** The input follows **
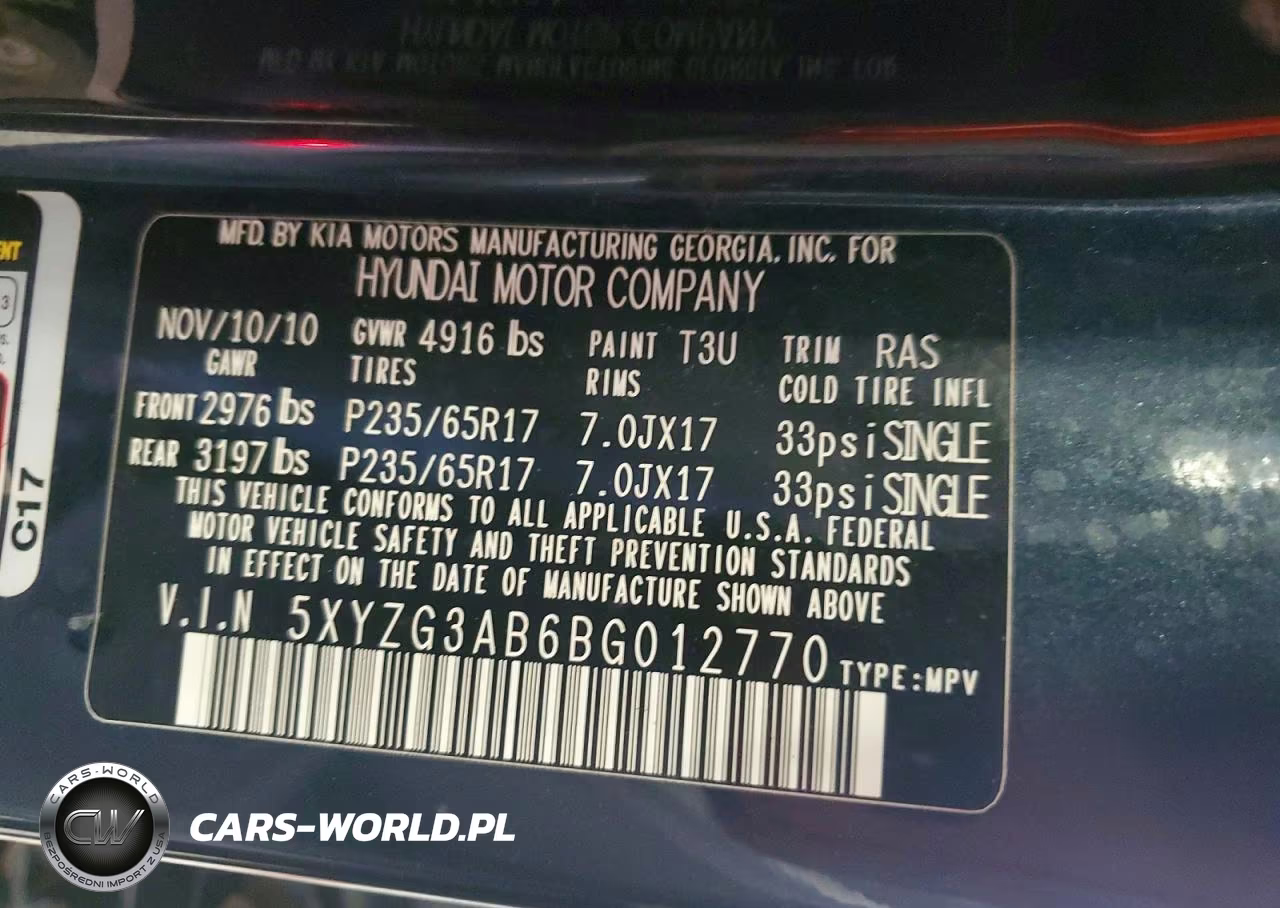 2011 Hyundai Santa Fe Gls VIN:5XYZG3AB6BG012770 - 13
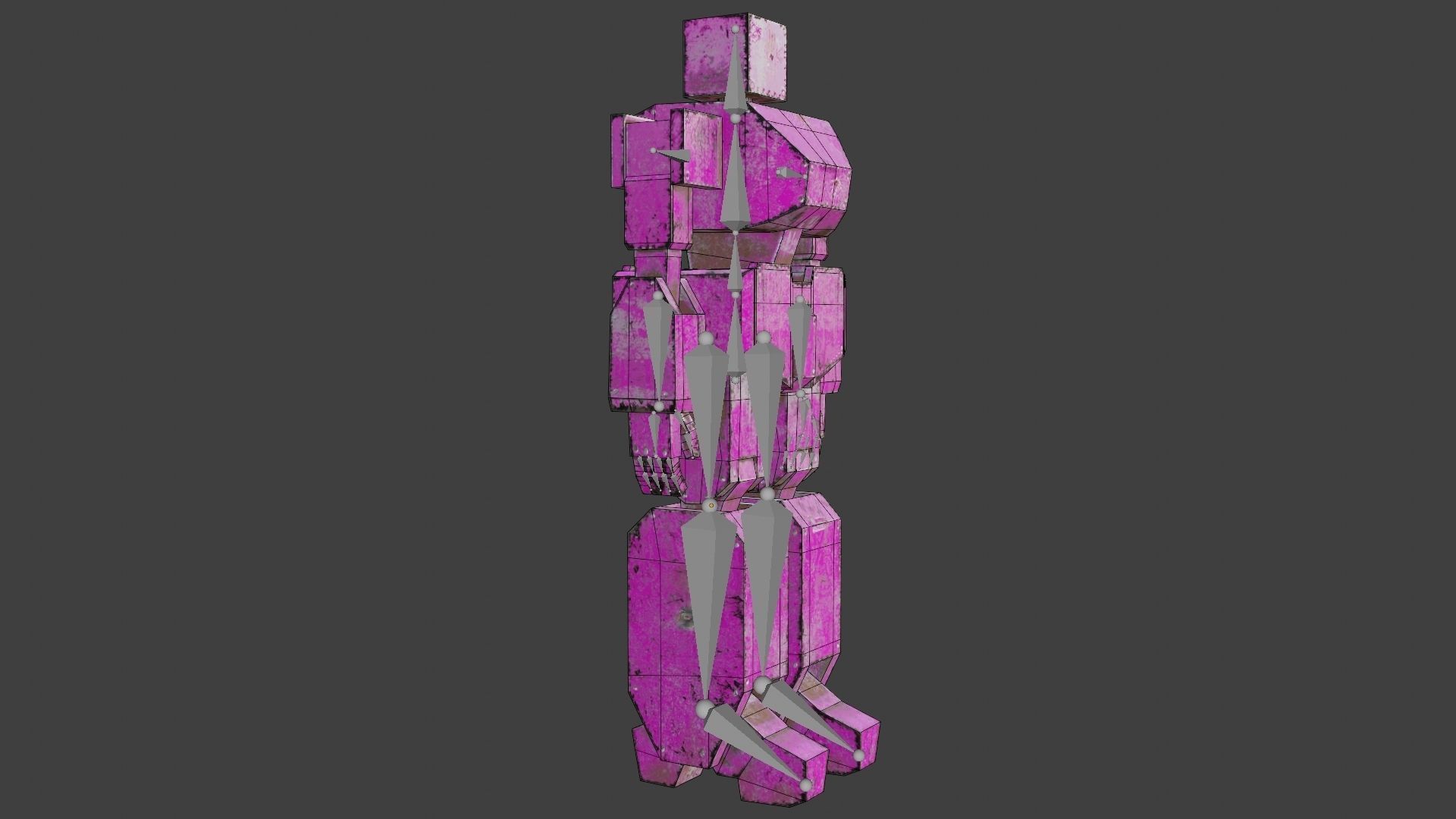 Box Robot Rigged Character Low-poly 3D model_32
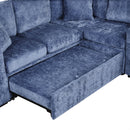 Contemporary L Shaped Convertible Sofa Bed With Pull Out Bed, Cup Holders, And Storage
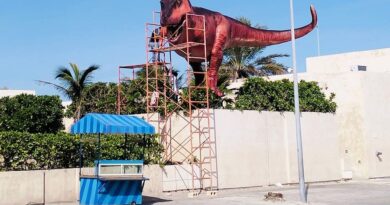 Pintan de guinda el dinosaurio Rex del Museo del Meteorito en Progreso; está feíto, dicen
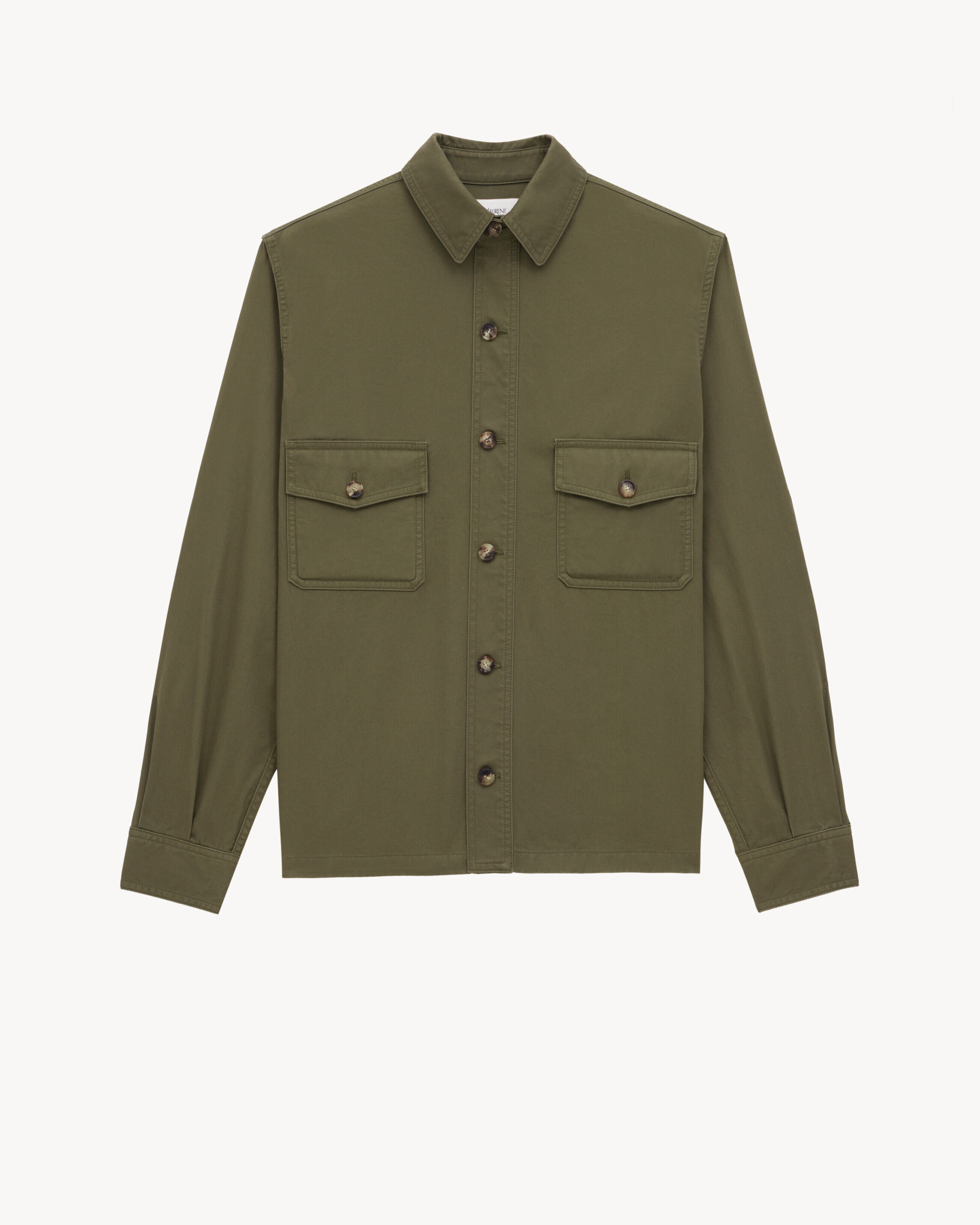 Saint Laurent Overshirt In Cotton Twill - Green - Men - M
** End of The input **
## Exercise requirements
Write out exactly the lines from the one containing "Pintan de guinda" through the last line of the records above, both ends included, and leave out any pictures.

## Result of the task
 Pintan de guinda el dinosaurio Rex del Museo del Meteorito en Progreso; está feíto, dicen
 Saint Laurent Overshirt In Cotton Twill - Green - Men - M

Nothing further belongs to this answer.